Message boards : ATLAS application : Most error that I have encountered
Message board moderation

To post messages, you must log in.

AuthorMessage
Beom Sik Shin

Send message
Joined: 28 Nov 09
Posts: 3
Credit: 211,168
RAC: 76
Message 47995 - Posted: 11 Apr 2023, 18:40:23 UTC
Last modified: 11 Apr 2023, 19:30:51 UTC

I've dug the rabbit hole and found some problems and a temporary workaround.

SSL error with CERN CA Certificate

2023-04-11 17:36:19,442 | WARNING  | failed to load data from url=https://atlas-cric.cern.ch/cache/ddmendpoints.json, error: <urlopen error [SSL: CERTIFICATE_VERIFY_FAILED] certificate verify failed: self signed certificate in certificate chain (_ssl.c:1129)> .. trying to use data from cache=/var/lib/boinc-client/slots/0/agis_ddmendpoints.agis.ALL.json


I'm not sure what it is but somehow this slows down the first initial running time for retrying. If you try to visit the site it will throw a warning about certification. CERN CA is not an approved certificate somehow. Based on that, I have added CERN CA (Grid, Root) https://ca.cern.ch/cafiles/ with

update-ca-certificates

And, still happening. However, it will work by doing
wget https://atlas-cric.cern.ch/cache/ddmendpoints.json -O agis_ddmendpoints.agis.ALL.json

this is for every slot, modify the job file a little bit.
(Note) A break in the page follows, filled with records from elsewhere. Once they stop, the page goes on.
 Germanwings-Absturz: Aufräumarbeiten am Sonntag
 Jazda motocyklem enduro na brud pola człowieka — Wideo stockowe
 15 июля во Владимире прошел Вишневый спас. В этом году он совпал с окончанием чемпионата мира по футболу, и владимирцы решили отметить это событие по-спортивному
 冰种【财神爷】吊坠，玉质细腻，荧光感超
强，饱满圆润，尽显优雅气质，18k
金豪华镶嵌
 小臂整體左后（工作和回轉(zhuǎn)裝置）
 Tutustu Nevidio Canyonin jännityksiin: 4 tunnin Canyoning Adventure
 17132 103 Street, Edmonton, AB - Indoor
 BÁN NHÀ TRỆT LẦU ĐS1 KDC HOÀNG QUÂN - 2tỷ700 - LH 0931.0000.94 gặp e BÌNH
Does anyone know how to solve this more cleanly? (or is this not necessary?)

CoolDB connection with IPv6, and WSL

Initially, I was trying to do it in WSL2 (and it was almost possible but lack of IPv6 support make it fail). Seeing log.EVNTtoHITS, there was a guaranteed failure, and it was the attempt to connect some COOLDB/TF200? There was a detailed failure log that shows the attempt with an IPv6 address.

I tried to disable the IPv6 on Linux wise, assuming there might be an IPv4 address for fallback. But It wasn't and adding to that, I don't have an IPv6 address to connect.

Hyper-V with IPv6

I really need my WSL functionality available, even if I use the Vbox version, it cannot be resolved due to the no-IPv6 situation. Fortunately, there is a tunneling solution for IPv4 to IPv6 (6in4). https://handwiki.org/wiki/List_of_IPv6_tunnel_brokers Hyper-V supports IPv6, and performance degradation is fairly tolerable, in my opinion.
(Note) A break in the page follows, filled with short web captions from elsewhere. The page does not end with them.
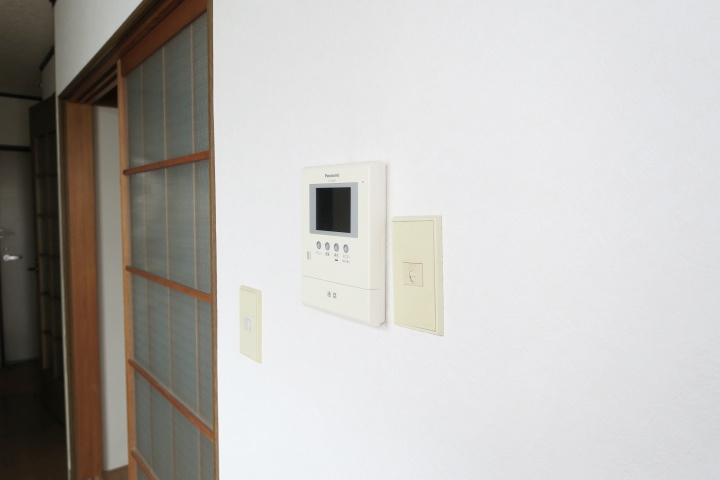 領家プリンスのセキュリティ|別号室の参考写真です。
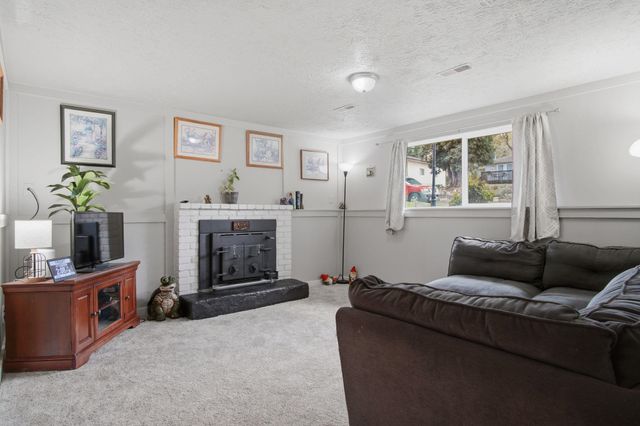 4011 E 12th Ave, Spokane, WA 99202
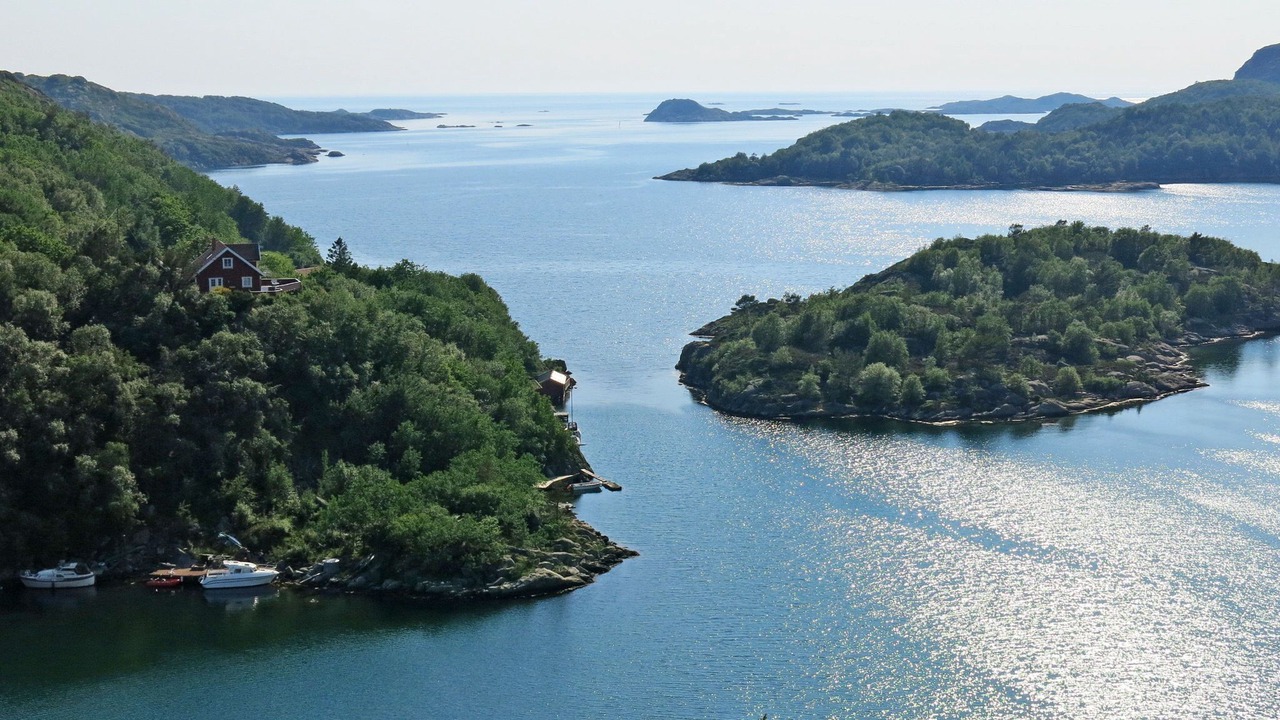 Photo of Others in Farsund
Setting these up. Watch out for library names. For example, libwxgtk... name has changed to libwxgtk3.0-gtk3-dev since Ubuntu 20. If you want to speed up these stages, add -j (core number) for every make command call.
https://lhcathome.cern.ch/lhcathome/forum_thread.php?id=4840
https://lhcathome.cern.ch/lhcathome/forum_thread.php?id=5788
https://cvmfs.readthedocs.io/en/stable/cpt-squid.html
https://lhcathome.cern.ch/lhcathome/forum_thread.php?id=4758

I'm not sure whether I cleared all possible errors, however, tasks seem running stable for now. I hope this help someone who really wants to join into LHC@Home.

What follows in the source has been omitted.